親元から子どもが独立していくことは喜ばしいことですが、年齢や健康状態によっては子どもが近くにいないことに不安を感じている高齢の親御さんもいるのではないでしょうか。一方、子ども側も、もし親が病気やケガをしてしまったらすぐに駆け付けられないという心配があるでしょう。そのような問題を解決する暮らし方として「近居」があります。
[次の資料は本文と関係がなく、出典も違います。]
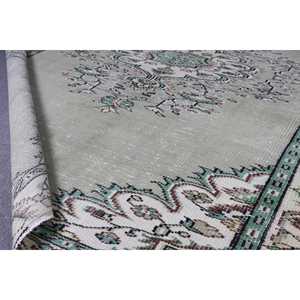 พรมวินเทจตุรกีขนาด 5.9x9.2 ฟุต พรมขนาดใหญ่ พรมขนสัตว์สีเขียว - Product Image 4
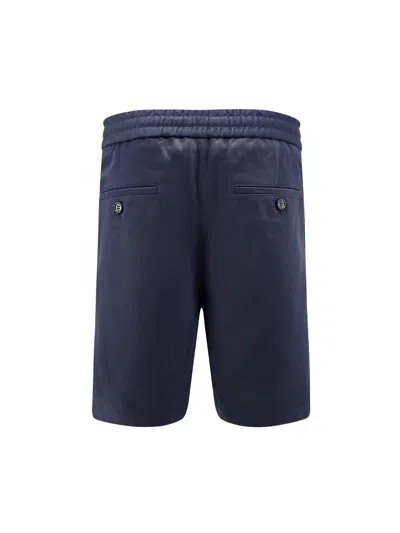 Ami Alexandre Mattiussi Cotton Bermuda Shorts With Elastic Detail In Blue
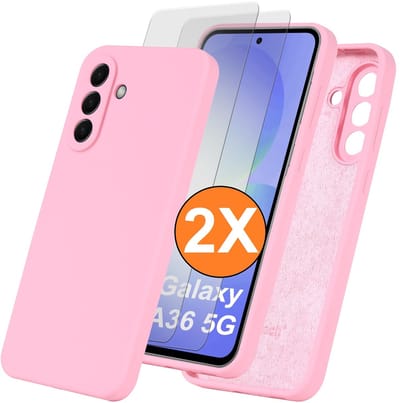 Hoesje geschikt voor Samsung Galaxy A36 Hoesje siliconen Licht Roze zacht siliconen hoesje TPU - met Samsung A36 Screenprotector - 2 stuks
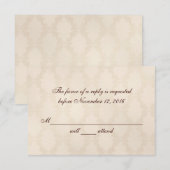 Creamy White Damask RSVP Kaartje (Voorkant / Achterkant)
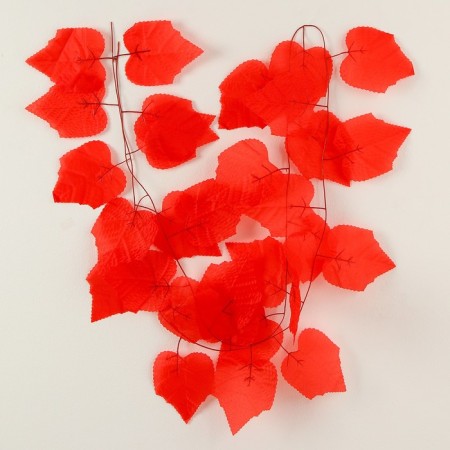 Decor "Girland from the leaves" Length: 2.4 m, width: 26 cm, red color-4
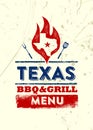 Texas Restaurant Grill and BBQ Menu Vector Design Element On Rough Background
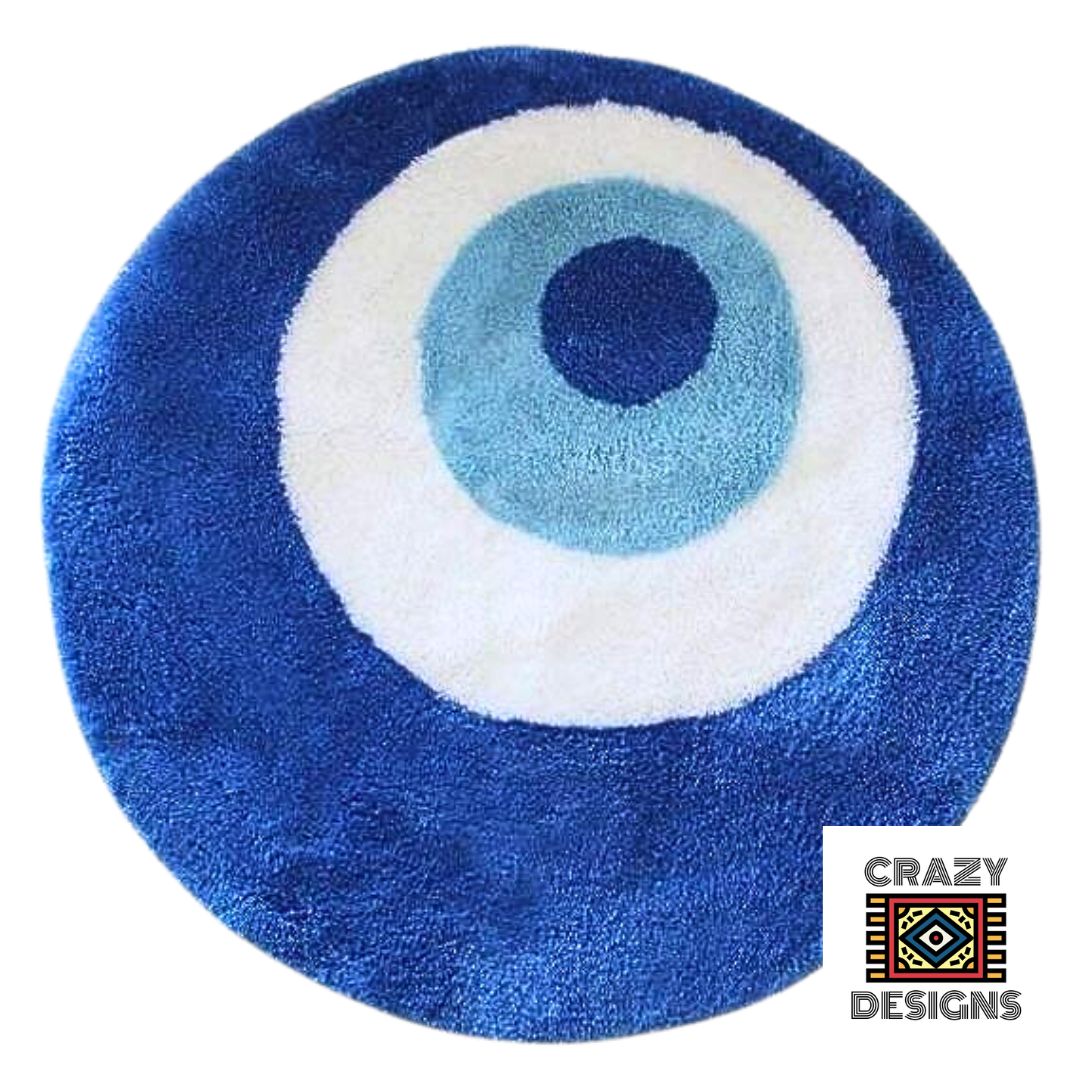 Custom Tufted 'Evil Eye' Blue Circle Plush Non-Slip Carpet Rug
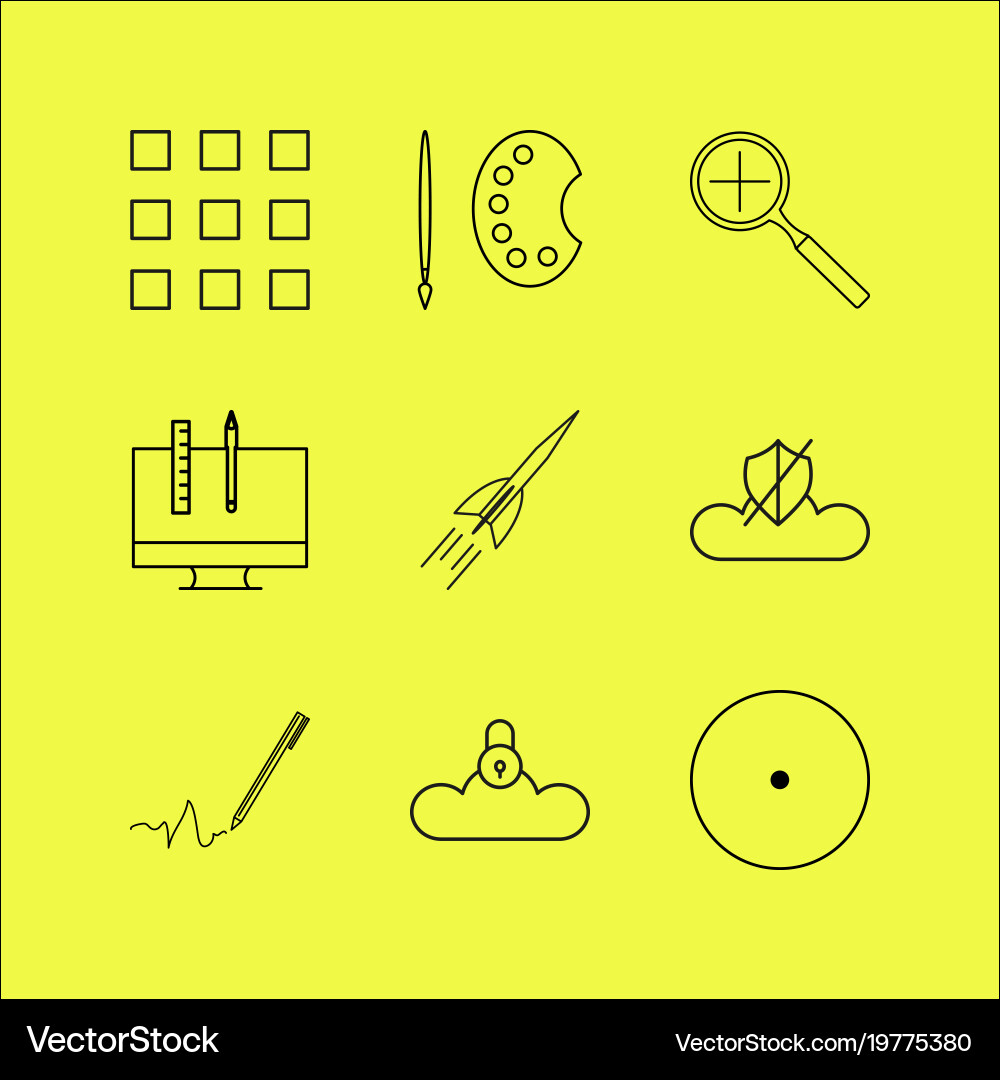 Web linear icon set simple outline icons Vector Image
今回は、近居がどのような暮らし方なのかをご説明します。
近居ってどんなもの?
近居とはどのような暮らし方か、近居以外との違いや近居をするきっかけと併せて説明します。
近居とは
近居とは、文字通り「近くに居を構える」という意味で、親世帯と子世帯が近い距離に住むことです。国土交通省では、近居について「住居は異なるものの、日常的な往来ができる範囲に入居すること」と定義されています。また、その具体的な範囲は「徒歩・自転車・車・電車で1時間以内」に行き来できる距離です。親と子の距離が近すぎず、遠すぎずという、ほどよい距離感を持って暮らすことができます。
近居以外の暮らし方
親と子での暮らしについて、近居以外には下記のような暮らし方があります。
- ・同居
- ・隣居
- ・遠居
どのような暮らし方か、それぞれの特徴を解説していきます。
<同居>同居とは、親世帯と子世帯が同じマンションの1室や、いわゆる二世帯住宅などの同じ住居に住むことです。それぞれの個室があってもキッチンやお風呂などが共用の場合が多く、住んでいる皆がお互いの生活リズムを気にかけて過ごす必要があります。
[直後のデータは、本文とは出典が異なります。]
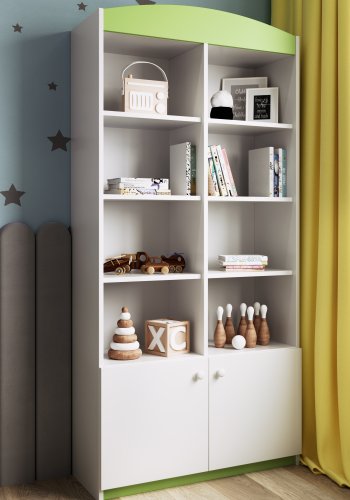 Babydreams barnebokhylle, m. 2 drer og 8 hyller - hvit og grnn laminat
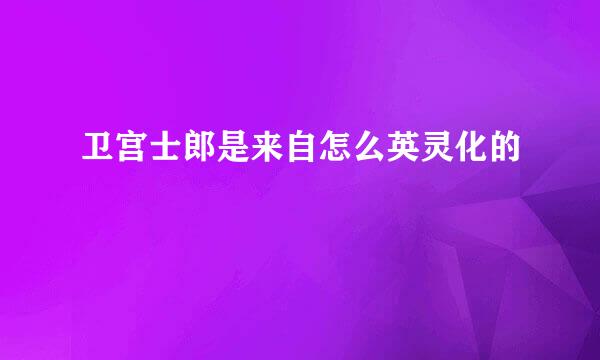 卫宫士郎是来自怎么英灵化的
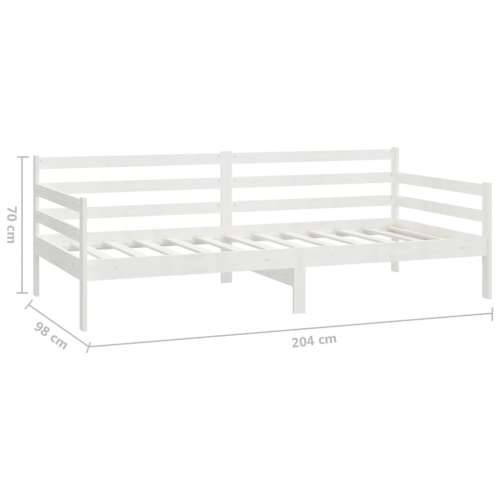 Dnevni ležaj s madracem 90 x 200 cm bijeli od masivne borovine - Bijela Cijena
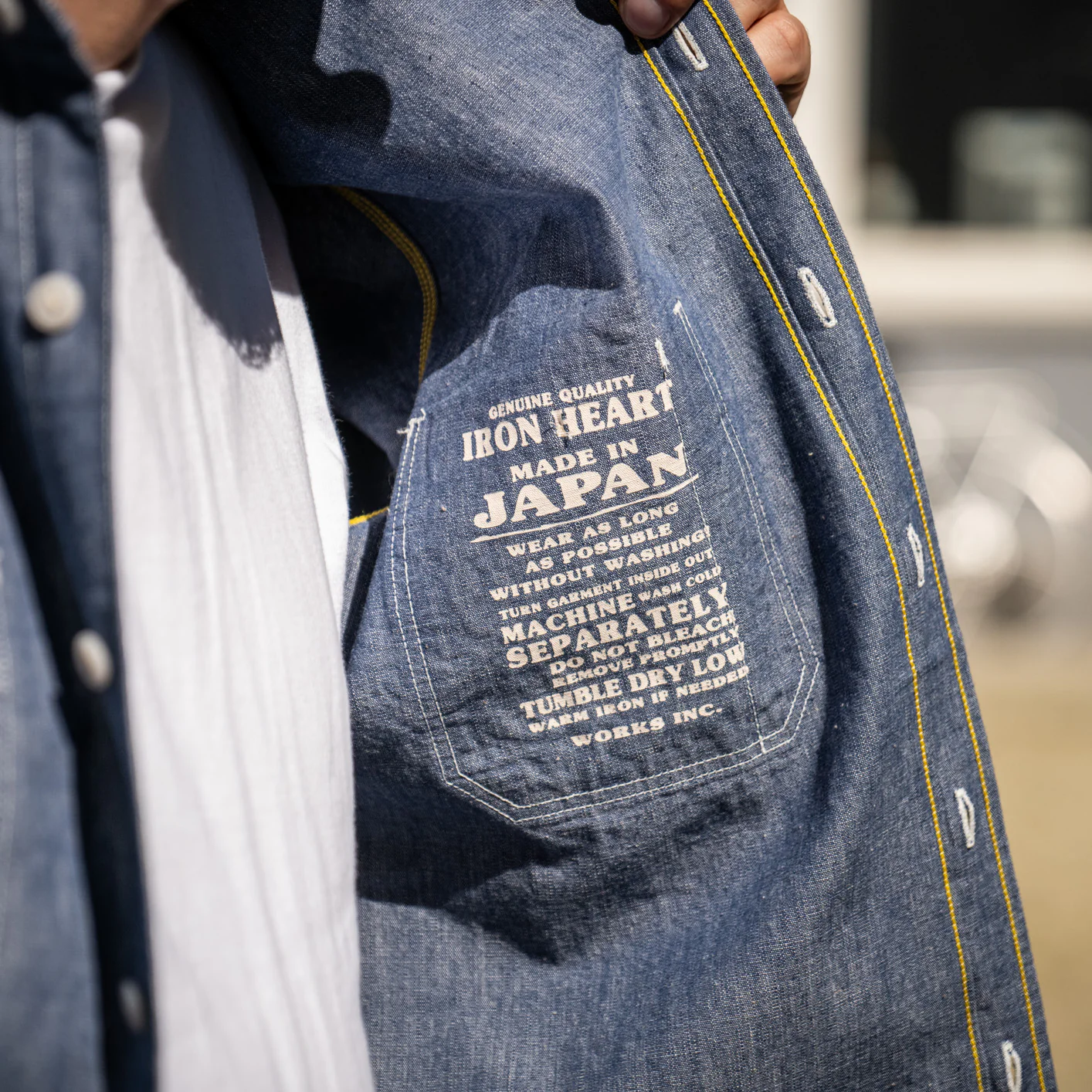 Iron Heart 10oz Selvedge Chambray Work Shirt – IHSH-21 / Blue - Image 9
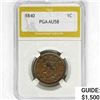 1840 Braided Hair Large Cent PGA AU58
<隣居>隣居とは、同じ敷地内や隣同士などのごく近距離に親と子それぞれが住居を構えることです。また、二世帯住宅の場合でも、廊下や階段など建物内部で行き来できない「完全分離型」の二世帯住宅は隣居となるケースもあります。
<遠居>遠居とは、親世帯と子世帯の住居が別々かつ、その距離が遠い状態のことです。近居の定義は住宅間の距離が車・電車で1時間以内であることから、それ以上の距離に住んでいる場合を遠居と呼びます。
近居をしている割合
国土交通省がおこなった「家族の住まい方の実態と将来意向」についてのアンケート調査によると、既婚者とその親との住まい方は同居が23%であるのに対して、近居は約52%という結果が出ており、近居の割合が多い状況です。
しかし、高齢になるにつれて日常生活のサポート・介護が必要になり、同居の割合が増えていく傾向です。65歳以上になると、同居は約30%となっています。
近居のきっかけになったもの
内閣府がおこなった「少子化社会対策に関する意識調査結果」でわかった、近居することになったきっかけとして、以下が挙げられています。
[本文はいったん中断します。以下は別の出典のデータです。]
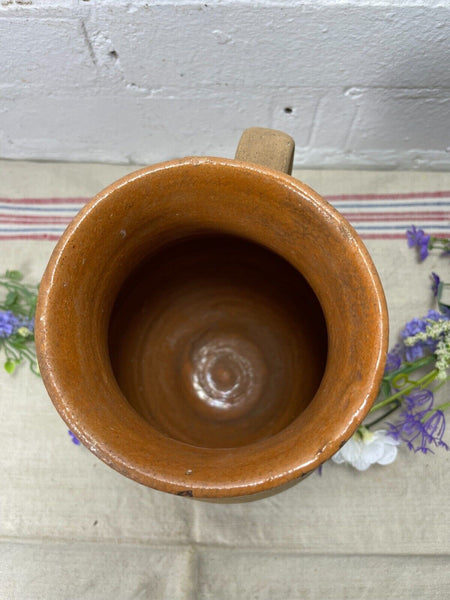 Antique Vintage French European Glazed Terracotta  Vase Jug Pitcher Confit Pot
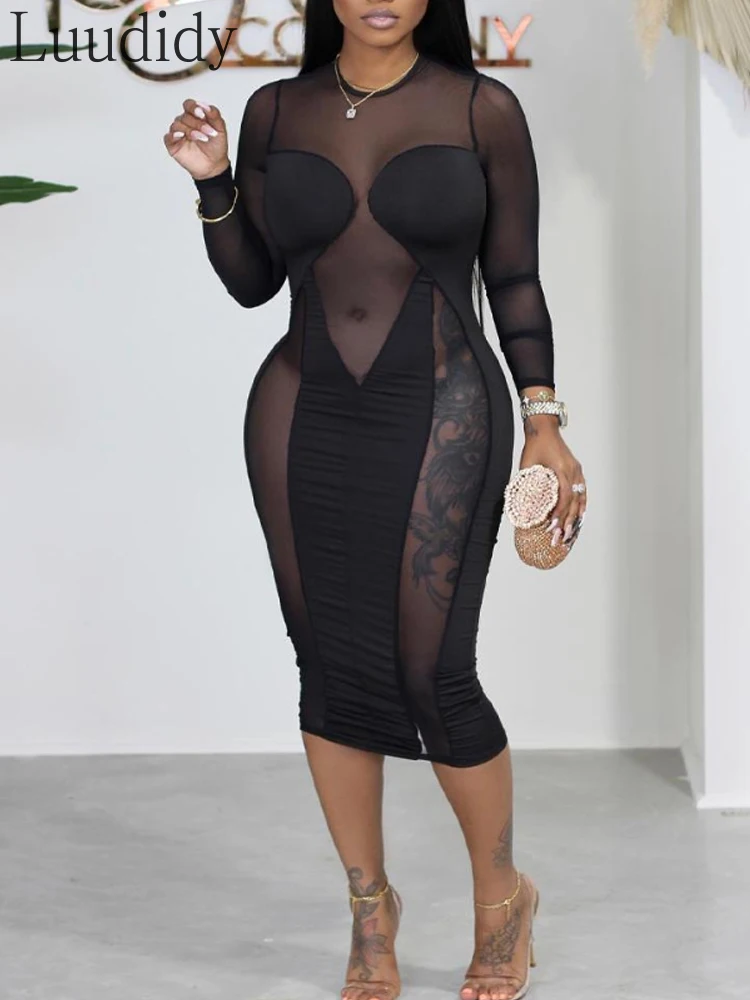 

Женское сексуальное облегающее прозрачное Сетчатое платье с длинным рукавом и круглым вырезом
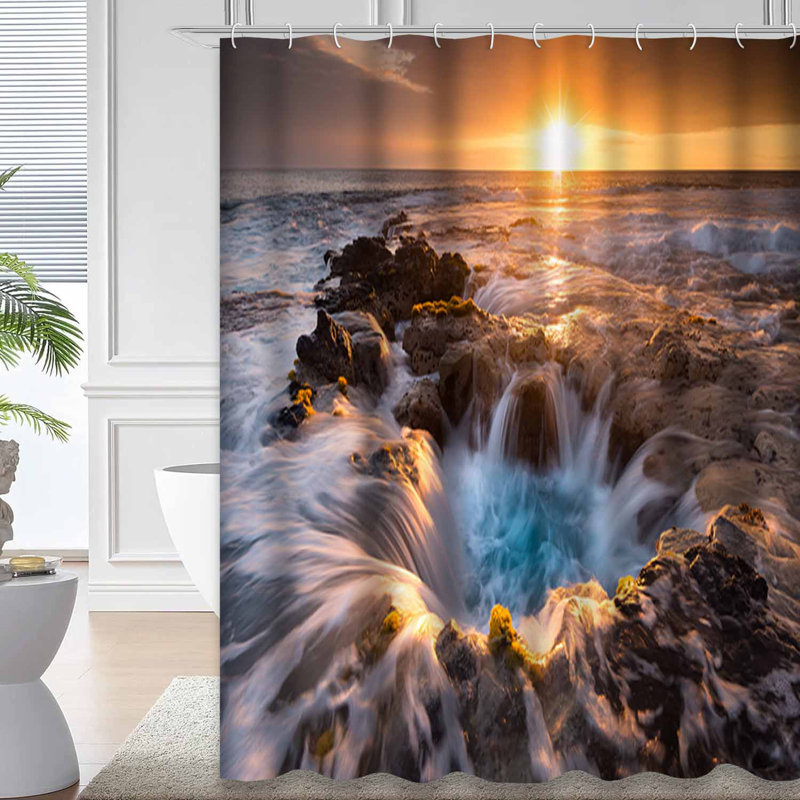 Rideau de douche avec 12 crochets Paradise, L 72 po x l 72 po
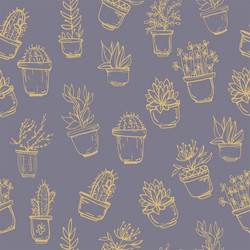 Cactus background seamless pattern vector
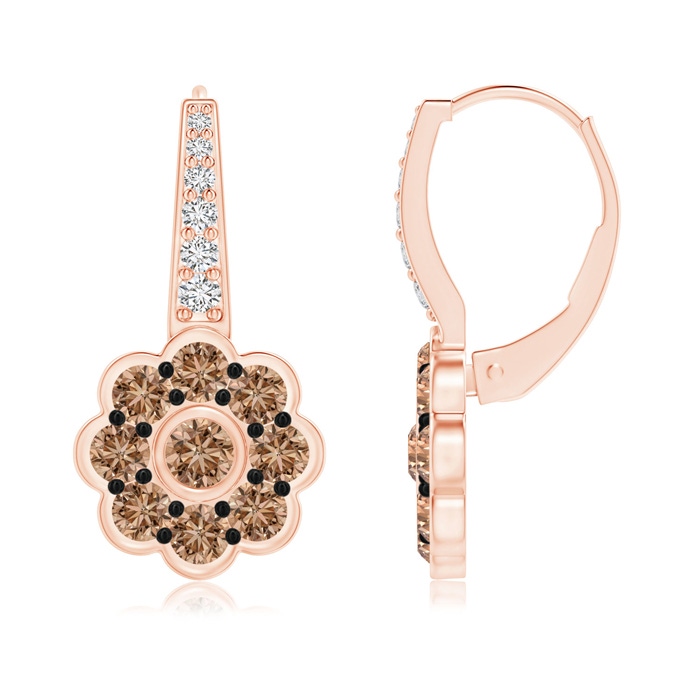 3mm AAA Floral Clustre Coffee Diamond Leverback Earrings in Rose Gold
- ・気軽に顔を見に行ったり、話し相手になったりできるから(29.9%)
- ・緊急の事態が心配だから(27.8%)
- ・介護・老後のため(13.4%)
- ・子育て支援のため(10.8%)
など
高齢である親が、すぐに駆けつけられる距離で生活をしていることは、万が一の事態を想定した時に安心です。また、子どもがいる家庭であれば、育児のサポートを親にお願いすることができます。なおかつ、定期的に孫の顔を親にみせられるので、親子で子どもの成長を見届けられます。住まいは別なので、親と子のそれぞれのプライベートも守りつつ、互いにサポートしながら生活をしていけるのは、理想的な生活の仕方ではないでしょうか。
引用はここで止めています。